» Provided records:
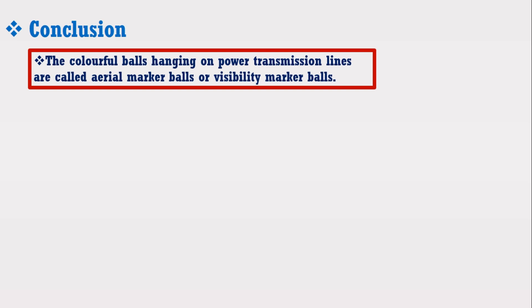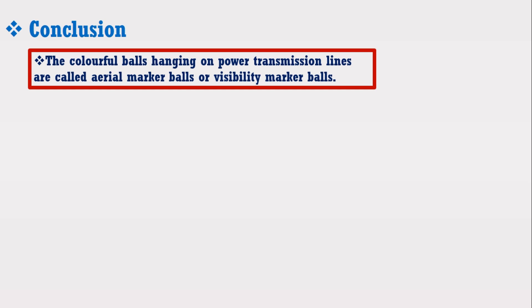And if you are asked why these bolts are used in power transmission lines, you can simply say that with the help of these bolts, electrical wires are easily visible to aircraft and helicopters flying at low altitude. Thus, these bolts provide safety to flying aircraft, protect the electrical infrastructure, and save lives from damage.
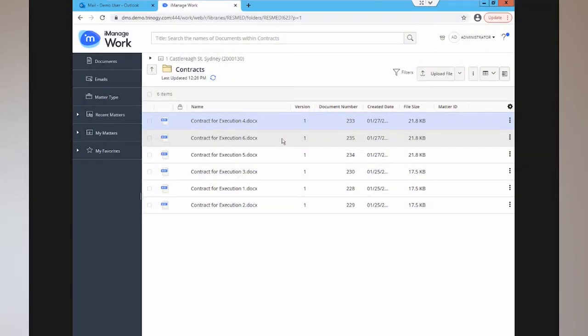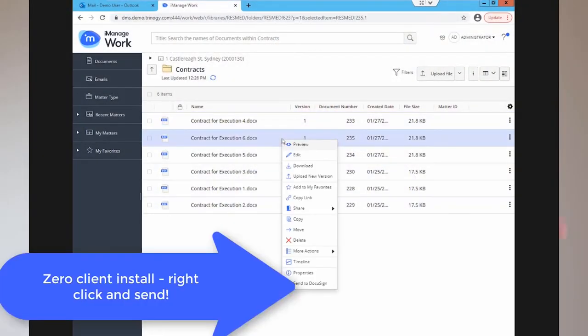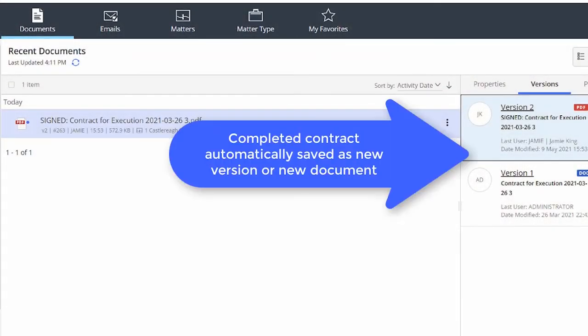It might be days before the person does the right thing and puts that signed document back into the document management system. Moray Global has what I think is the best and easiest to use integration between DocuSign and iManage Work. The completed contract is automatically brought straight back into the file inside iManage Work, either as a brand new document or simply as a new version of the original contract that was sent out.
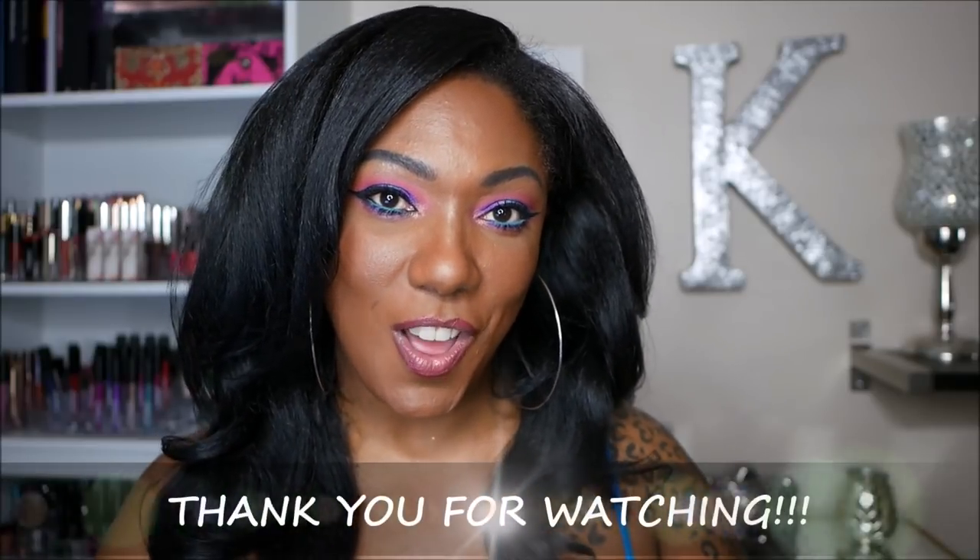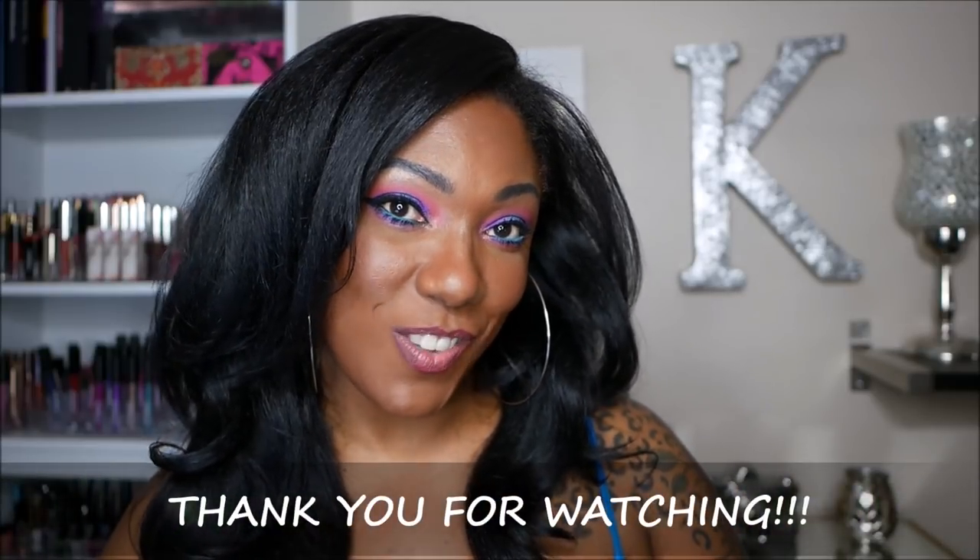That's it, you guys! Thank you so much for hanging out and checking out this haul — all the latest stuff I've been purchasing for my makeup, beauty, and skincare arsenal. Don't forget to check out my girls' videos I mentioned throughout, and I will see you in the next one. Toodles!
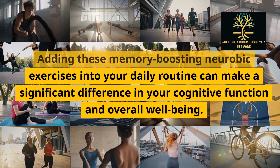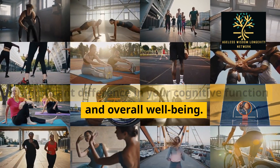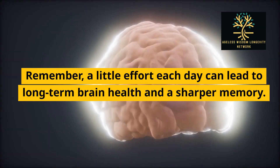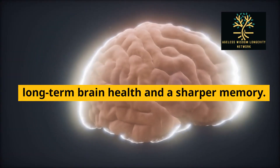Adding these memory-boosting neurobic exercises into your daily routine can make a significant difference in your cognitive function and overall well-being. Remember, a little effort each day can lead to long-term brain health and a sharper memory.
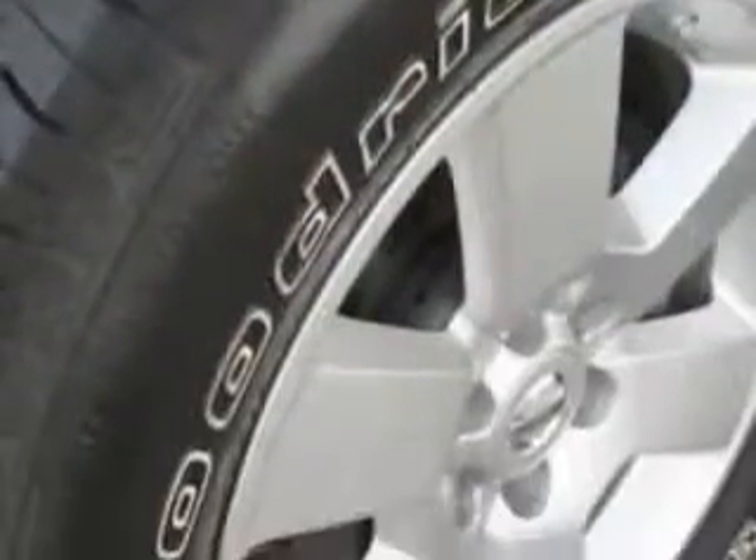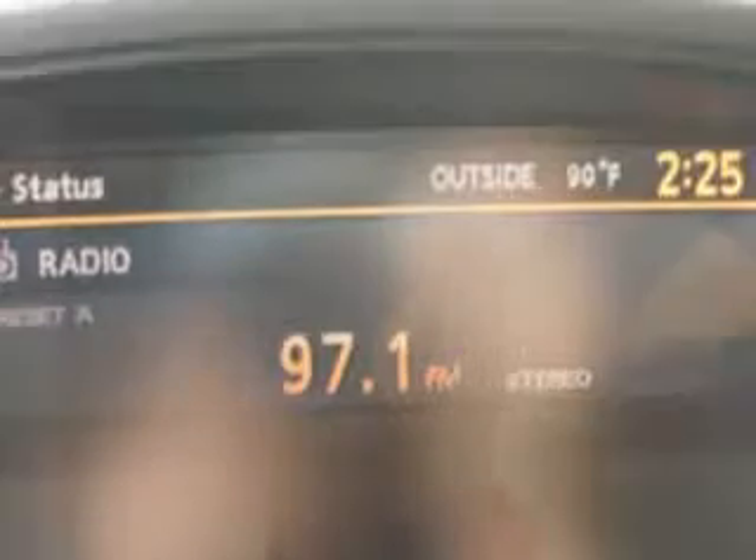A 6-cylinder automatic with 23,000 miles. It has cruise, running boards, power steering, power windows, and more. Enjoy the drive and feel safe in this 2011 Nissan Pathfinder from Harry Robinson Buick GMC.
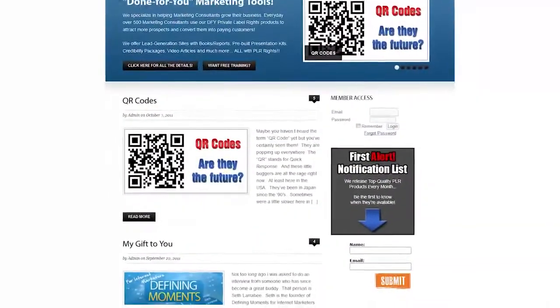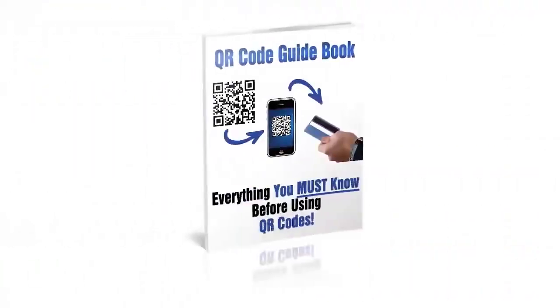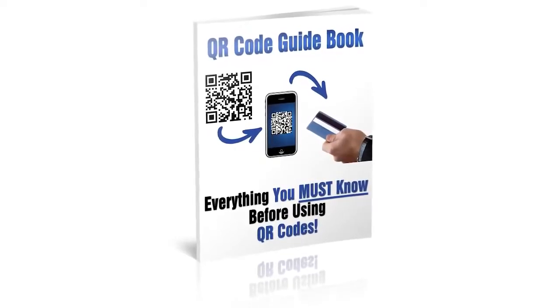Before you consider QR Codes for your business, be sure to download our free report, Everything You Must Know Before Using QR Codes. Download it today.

» Assignment: From the line with "Adding these memory-boosting" through the end of the listing, write out every line exactly, leaving out the pictures.

» Final answer:
Adding these memory-boosting neurobic exercises into your daily routine can make a significant difference in your cognitive function and overall well-being. Remember, a little effort each day can lead to long-term brain health and a sharper memory.
A 6-cylinder automatic with 23,000 miles. It has cruise, running boards, power steering, power windows, and more. Enjoy the drive and feel safe in this 2011 Nissan Pathfinder from Harry Robinson Buick GMC.
Before you consider QR Codes for your business, be sure to download our free report, Everything You Must Know Before Using QR Codes. Download it today.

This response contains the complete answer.